#### [Provided data]
---

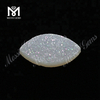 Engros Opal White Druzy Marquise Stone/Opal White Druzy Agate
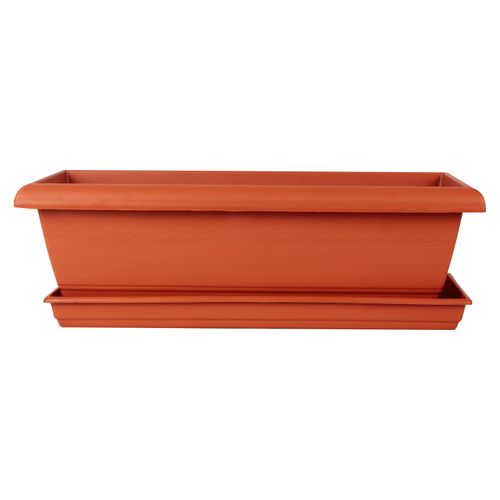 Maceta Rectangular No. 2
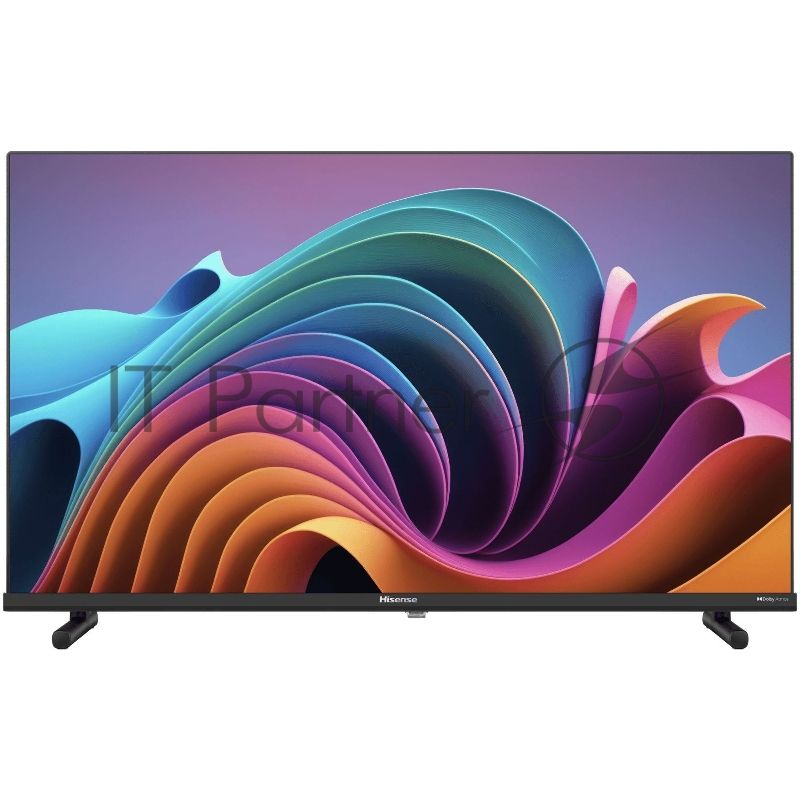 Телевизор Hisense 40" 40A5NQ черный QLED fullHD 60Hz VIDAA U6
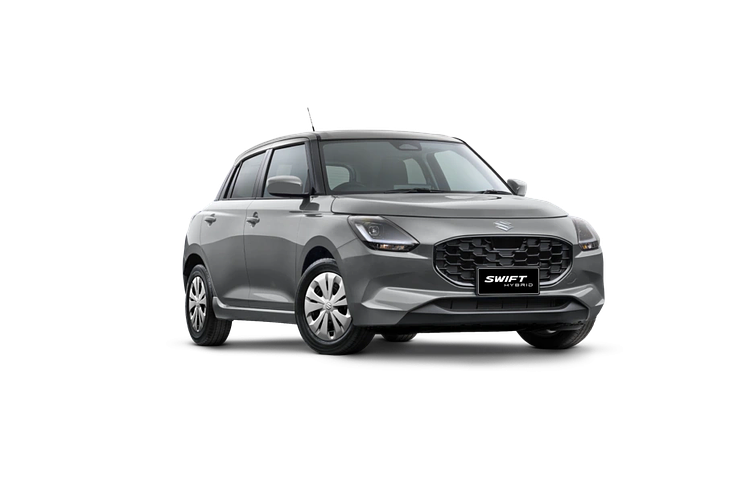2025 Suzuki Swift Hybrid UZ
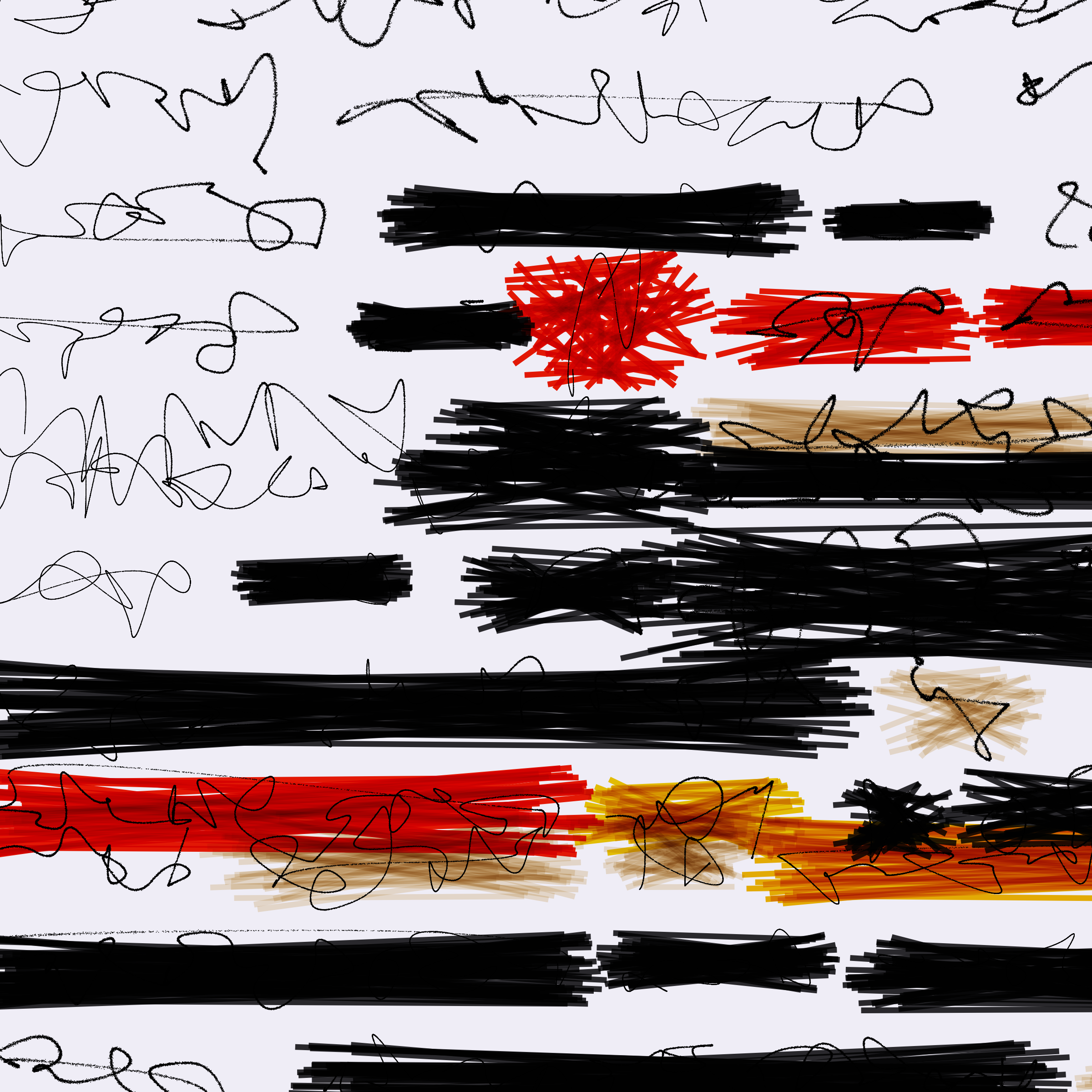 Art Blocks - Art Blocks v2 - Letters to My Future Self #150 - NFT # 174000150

---

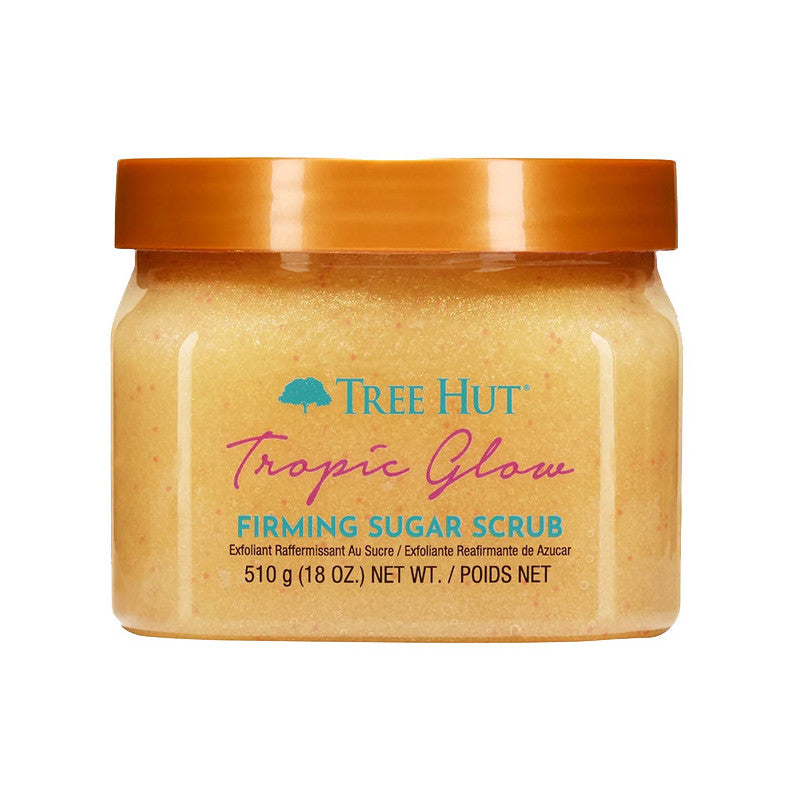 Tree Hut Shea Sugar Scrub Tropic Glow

---

#### [What to produce]
Repeat exactly, and only, the entries from the line with "60Hz VIDAA U6" through the line with "Art Blocks - Art". Pictures are skipped.

#### [Output for this exercise]
 Телевизор Hisense 40" 40A5NQ черный QLED fullHD 60Hz VIDAA U6
2025 Suzuki Swift Hybrid UZ
 Art Blocks - Art Blocks v2 - Letters to My Future Self #150 - NFT # 174000150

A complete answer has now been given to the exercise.